I am a retired Lieutenant Commander Royal Navy and my last job before I retired was RN Liaison Officer to the KHARG. I arrived in Newcastle in February 1979 (in a howling easterly gale!) and made my acquaintance with the Iranian Captain and other officers of the ship. I shared an office in the Walker yard with a Captain of the Royal Fleet Auxiliary, and between us we were expected to 'guide' the Iranians during KHARG's sea trials before she became fully operational and sailed off to Iran.
I recall that the ship's Captain was not a great personality, and that the person who seemed to wield a disproportionate influence in the ship was an engineer officer, who I believe might well have been the one that Jeff Eagan referred to.
By the time I took up my post the ship had already been to sea once or twice for preliminary sea trials, but then the political situation in Iran deteriorated to such an extent that any planning for further trials became impossible due to a lack of coherent communication between our Ministry of Defence and the Iranian authorities.
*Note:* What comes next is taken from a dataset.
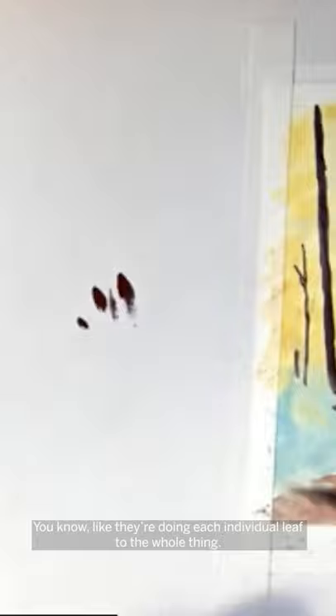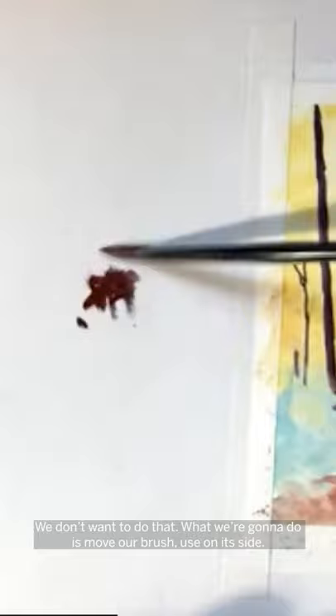What we're going to do is move our brush and use it on its side. As you can see, you get this lovely kind of textured effect.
By about April 1979, I believe, Ayatollah Khomeni and his revolutionaries had ousted the Shah, and KHARG's Captain and ship's company had no idea of what was going to happen to them. My appointment, and that of the RFA Captain, as Liaison Officers to the ship were then terminated and I left Newcastle at short notice after I had been only seven weeks in post.
I have to admit that I was quite relieved at not having to 'guide' the Iranians, especially while at sea, since I myself had been in shore appointments, with no sea experience, for several years, and would have been quite 'rusty' when it came to actual seagoing!
I often wondered what happened to the ship's company of KHARG after that. I did not envy their prospects under the new regime, especially those of the Captain and his officers.
I knew that KHARG had languished on the Tyne for several years and that she eventually sailed away to Iran, but I was fascinated to read Jeff Eagan's account of his time involved with the ship.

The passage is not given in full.